Most of us make to-do lists to keep track of all the things we need to tackle around the house, to keep our families running and to stay on top of tasks at work.
But those lists can get unwieldy. If you often find it hard to check everything off your list despite the best of intentions, welcome to the club.
Ayelet Fishbach, professor at the University of Chicago’s Booth School of Business, has been studying the science of motivation for her entire career, and she knows just what it takes to achieve more.
Fishbach is the past president of the Society for the Science of Motivation, and in her debut book, “Get It Done: Surprising Lessons From the Science of Motivation,” Fishbach provides a framework grounded in decades of research that can help you finally get through your weekly to-do lists.
This interview has been edited for length and clarity.
Katy Milkman: Are to-do lists actually useful?
Ayelet Fishbach: To-do lists are useful when they help you offload the mental effort of memorizing your list and negotiating priorities. Also, they’re useful whenever completing one item motivates you to attend to the next one, therefore escalating motivation.
These lists are less useful when they cost you your flexibility. You might pursue some activities only because they’re on the list, even though they’re low priority and completing them won’t make you happy.

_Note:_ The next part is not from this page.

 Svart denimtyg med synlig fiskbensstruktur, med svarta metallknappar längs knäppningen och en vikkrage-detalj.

In his research, University of Virginia professor Leidy Klotz has found that it’s often more important to subtract, that is remove items from your list, than add new ones. Your weekend might be more restful if you skipped the zoo or the mall.

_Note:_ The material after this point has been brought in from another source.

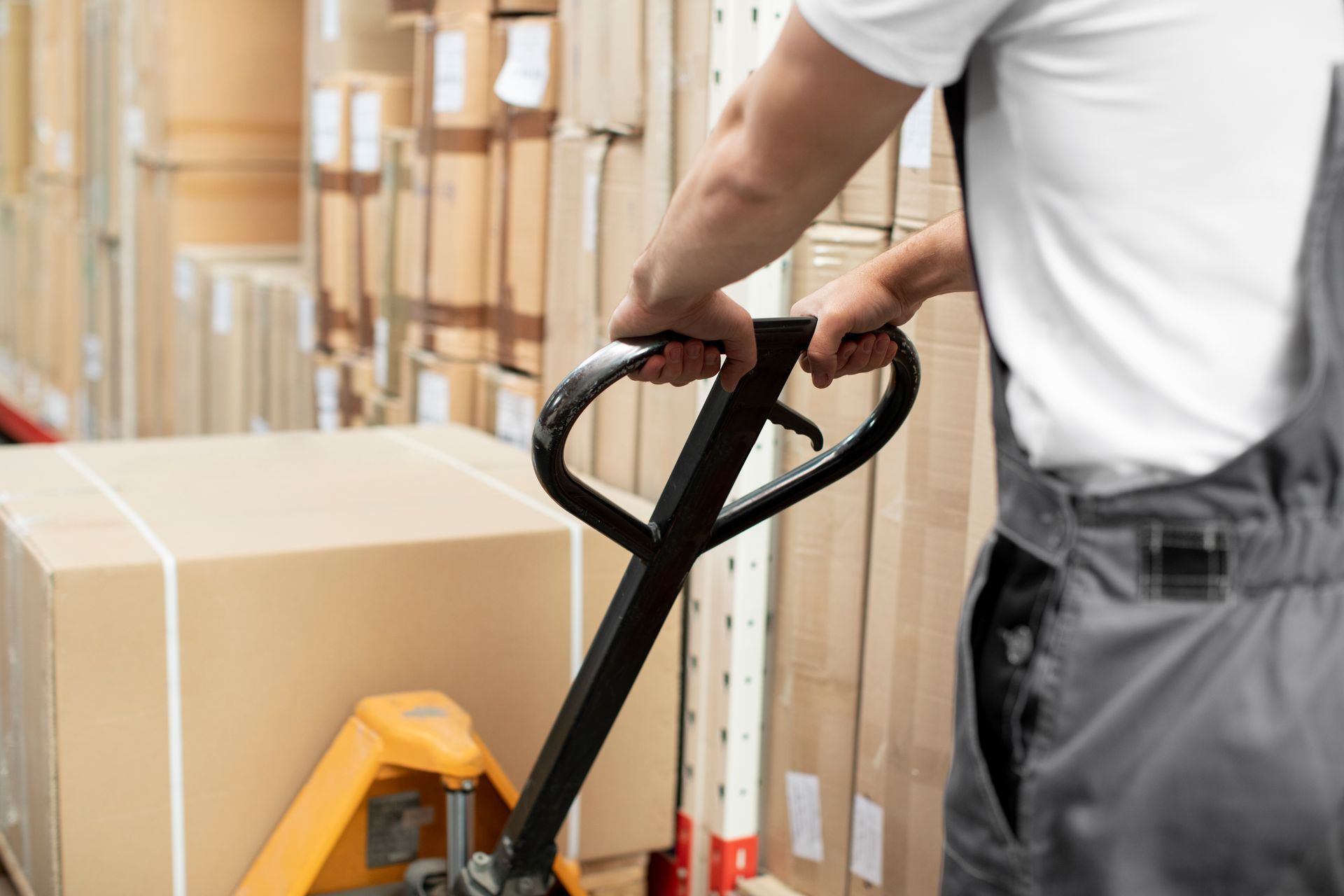 A man is pushing a pallet truck in a warehouse.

Milkman: If I have a handful of big goals to accomplish each week around the house, what’s the best tip you can offer me for getting them done
Fishbach: Consider my four-ingredient recipe:
- Set the goal right. You want to set goals that are intrinsically motivating. An approach or “do” goal is better than an avoidance or “do not” goal. “Attend a morning Pilates class” is better than “don’t oversleep.”
- Monitor progress and switch your focus in the middle of your to-do list. Look back at how much you’ve accomplished up to the midpoint and look ahead at what you still need to do beyond the midpoint.
- Your goals should balance — rather than undermine — each other. Any specific goal should fit with everything else you set to do. If you plan to eat more healthily, cross out that trip to the ice-cream shop.
- Seek social support. You should have people around you who want you to succeed and might give you a hand when you need the extra help.